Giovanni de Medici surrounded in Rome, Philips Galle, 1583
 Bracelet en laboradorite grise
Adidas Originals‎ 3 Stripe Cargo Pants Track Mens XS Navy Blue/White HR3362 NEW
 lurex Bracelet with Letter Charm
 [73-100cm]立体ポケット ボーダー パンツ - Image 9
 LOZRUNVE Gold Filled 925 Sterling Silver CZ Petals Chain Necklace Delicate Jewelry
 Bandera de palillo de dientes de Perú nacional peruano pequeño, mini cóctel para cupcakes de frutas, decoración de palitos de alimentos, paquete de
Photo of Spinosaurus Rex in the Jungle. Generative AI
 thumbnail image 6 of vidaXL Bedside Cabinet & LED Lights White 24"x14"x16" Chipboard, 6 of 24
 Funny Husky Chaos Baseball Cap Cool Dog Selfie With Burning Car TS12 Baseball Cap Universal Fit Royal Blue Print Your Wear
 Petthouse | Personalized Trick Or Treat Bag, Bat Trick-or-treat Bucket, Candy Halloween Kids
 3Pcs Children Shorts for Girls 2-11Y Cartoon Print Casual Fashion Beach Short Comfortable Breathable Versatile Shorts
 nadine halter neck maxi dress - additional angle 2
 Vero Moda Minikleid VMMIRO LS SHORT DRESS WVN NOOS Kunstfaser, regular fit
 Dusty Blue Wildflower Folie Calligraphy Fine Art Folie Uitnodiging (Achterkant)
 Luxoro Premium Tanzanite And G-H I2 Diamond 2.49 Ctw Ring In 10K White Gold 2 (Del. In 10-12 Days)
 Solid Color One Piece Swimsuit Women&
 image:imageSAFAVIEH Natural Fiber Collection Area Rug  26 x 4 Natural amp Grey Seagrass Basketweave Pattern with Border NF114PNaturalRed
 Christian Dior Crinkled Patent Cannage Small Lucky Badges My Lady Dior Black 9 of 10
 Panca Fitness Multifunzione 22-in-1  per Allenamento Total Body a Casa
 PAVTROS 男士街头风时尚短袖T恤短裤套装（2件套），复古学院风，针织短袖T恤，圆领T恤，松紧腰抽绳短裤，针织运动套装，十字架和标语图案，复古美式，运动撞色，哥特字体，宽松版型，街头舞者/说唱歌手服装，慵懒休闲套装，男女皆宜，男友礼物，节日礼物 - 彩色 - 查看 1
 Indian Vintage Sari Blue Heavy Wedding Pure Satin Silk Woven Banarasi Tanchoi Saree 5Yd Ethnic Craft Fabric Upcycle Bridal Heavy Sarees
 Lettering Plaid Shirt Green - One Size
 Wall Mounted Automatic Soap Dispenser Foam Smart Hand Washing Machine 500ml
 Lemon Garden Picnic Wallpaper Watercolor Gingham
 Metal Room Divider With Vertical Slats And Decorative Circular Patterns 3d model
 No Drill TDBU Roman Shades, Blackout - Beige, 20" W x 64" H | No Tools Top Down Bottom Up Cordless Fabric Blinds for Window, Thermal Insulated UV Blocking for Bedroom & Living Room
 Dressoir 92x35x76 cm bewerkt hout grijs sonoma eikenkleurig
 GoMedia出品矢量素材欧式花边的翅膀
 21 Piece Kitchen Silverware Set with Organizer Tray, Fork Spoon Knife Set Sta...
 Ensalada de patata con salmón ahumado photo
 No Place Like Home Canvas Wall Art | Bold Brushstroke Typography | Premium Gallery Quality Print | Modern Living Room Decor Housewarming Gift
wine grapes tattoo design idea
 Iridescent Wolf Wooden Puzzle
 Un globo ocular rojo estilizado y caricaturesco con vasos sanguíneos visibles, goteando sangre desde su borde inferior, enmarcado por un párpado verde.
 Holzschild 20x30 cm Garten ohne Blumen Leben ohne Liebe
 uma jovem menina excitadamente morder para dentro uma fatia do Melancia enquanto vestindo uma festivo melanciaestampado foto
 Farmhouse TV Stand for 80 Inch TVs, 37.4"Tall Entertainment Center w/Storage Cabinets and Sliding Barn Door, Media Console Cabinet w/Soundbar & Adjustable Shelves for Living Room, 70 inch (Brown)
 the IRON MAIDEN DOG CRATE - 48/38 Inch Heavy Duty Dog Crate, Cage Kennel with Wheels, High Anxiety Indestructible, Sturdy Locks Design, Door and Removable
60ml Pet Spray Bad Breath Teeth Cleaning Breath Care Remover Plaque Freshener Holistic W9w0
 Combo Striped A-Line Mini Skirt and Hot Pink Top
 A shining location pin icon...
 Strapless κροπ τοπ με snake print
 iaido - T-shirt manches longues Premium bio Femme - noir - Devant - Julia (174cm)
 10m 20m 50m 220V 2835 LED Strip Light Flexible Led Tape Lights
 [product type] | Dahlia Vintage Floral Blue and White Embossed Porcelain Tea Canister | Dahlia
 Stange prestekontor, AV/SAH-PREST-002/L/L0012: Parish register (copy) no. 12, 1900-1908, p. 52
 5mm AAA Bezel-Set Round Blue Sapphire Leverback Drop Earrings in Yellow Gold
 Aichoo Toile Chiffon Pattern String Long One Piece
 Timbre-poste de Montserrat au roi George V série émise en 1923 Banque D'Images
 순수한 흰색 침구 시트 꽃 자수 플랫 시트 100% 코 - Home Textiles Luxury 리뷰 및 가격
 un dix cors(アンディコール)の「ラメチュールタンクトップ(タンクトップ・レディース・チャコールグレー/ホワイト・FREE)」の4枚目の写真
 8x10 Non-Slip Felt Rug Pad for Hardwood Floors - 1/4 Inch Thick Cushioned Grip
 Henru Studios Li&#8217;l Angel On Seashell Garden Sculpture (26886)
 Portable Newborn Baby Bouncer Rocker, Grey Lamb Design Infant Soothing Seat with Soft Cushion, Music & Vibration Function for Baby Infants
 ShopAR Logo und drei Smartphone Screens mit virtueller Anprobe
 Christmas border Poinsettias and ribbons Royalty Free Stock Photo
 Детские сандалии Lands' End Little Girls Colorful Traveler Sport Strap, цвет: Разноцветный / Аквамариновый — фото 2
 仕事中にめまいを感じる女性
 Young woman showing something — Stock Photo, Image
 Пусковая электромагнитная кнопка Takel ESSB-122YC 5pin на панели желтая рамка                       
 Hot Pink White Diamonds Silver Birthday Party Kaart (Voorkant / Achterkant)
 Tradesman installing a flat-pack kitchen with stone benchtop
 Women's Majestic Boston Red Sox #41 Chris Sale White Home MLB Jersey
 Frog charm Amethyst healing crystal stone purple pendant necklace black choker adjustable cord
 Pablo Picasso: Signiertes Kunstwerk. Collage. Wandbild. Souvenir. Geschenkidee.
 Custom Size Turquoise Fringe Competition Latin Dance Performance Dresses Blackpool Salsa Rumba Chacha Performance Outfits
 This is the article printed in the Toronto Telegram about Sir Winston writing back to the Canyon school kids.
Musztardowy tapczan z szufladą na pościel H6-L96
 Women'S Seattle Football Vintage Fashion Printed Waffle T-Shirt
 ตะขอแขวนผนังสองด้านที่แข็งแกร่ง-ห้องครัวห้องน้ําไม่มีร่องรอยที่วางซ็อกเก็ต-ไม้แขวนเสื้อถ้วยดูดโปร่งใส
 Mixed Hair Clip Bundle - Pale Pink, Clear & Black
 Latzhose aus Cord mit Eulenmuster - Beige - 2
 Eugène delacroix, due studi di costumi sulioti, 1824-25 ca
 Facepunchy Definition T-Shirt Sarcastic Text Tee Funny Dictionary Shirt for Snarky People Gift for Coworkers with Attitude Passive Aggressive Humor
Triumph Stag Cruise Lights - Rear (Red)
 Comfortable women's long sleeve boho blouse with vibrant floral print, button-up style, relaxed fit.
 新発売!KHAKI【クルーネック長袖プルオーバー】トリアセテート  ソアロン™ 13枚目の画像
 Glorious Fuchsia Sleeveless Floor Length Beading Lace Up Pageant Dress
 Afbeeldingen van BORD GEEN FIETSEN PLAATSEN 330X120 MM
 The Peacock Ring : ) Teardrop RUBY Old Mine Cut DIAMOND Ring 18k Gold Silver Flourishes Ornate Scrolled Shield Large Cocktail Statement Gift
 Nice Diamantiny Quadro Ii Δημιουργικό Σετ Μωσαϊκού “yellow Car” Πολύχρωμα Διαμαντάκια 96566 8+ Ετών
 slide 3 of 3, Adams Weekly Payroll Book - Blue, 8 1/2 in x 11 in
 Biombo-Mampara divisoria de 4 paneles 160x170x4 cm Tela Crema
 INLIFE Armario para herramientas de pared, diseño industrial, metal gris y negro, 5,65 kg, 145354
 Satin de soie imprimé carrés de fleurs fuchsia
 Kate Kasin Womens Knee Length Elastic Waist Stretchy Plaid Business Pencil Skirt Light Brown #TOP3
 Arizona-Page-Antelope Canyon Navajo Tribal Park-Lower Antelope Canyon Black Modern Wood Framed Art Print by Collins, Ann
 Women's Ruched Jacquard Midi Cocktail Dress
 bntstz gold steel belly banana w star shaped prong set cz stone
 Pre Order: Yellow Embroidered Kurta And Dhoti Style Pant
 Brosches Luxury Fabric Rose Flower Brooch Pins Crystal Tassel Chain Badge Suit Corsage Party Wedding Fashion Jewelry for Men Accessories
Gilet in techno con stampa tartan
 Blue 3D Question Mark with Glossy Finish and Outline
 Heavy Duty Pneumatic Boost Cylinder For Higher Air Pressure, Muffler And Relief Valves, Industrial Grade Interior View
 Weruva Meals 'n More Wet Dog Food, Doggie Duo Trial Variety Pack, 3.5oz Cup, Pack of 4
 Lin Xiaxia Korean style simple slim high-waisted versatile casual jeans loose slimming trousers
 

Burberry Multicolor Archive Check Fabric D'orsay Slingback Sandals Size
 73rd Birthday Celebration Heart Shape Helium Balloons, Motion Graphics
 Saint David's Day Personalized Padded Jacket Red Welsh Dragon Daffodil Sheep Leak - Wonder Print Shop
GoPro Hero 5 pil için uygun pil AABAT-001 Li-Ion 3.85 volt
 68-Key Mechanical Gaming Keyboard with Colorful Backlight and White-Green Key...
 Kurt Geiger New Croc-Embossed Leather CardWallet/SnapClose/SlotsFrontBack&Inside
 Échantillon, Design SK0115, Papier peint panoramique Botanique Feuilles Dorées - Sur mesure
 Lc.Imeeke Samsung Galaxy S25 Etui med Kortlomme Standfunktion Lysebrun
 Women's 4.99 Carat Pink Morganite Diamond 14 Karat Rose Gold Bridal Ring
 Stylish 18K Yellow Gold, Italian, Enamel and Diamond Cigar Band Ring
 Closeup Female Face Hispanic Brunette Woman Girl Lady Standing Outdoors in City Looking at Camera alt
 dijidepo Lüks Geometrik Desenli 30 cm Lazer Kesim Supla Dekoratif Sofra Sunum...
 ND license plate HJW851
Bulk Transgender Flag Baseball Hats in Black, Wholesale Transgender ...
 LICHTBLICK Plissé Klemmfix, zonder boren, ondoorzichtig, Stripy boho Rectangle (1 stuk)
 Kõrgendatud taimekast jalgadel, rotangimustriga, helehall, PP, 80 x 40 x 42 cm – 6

##############################

Go through the material line by line. Show each line that contains the string "Cabinet".

 thumbnail image 6 of vidaXL Bedside Cabinet & LED Lights White 24"x14"x16" Chipboard, 6 of 24
 Farmhouse TV Stand for 80 Inch TVs, 37.4"Tall Entertainment Center w/Storage Cabinets and Sliding Barn Door, Media Console Cabinet w/Soundbar & Adjustable Shelves for Living Room, 70 inch (Brown)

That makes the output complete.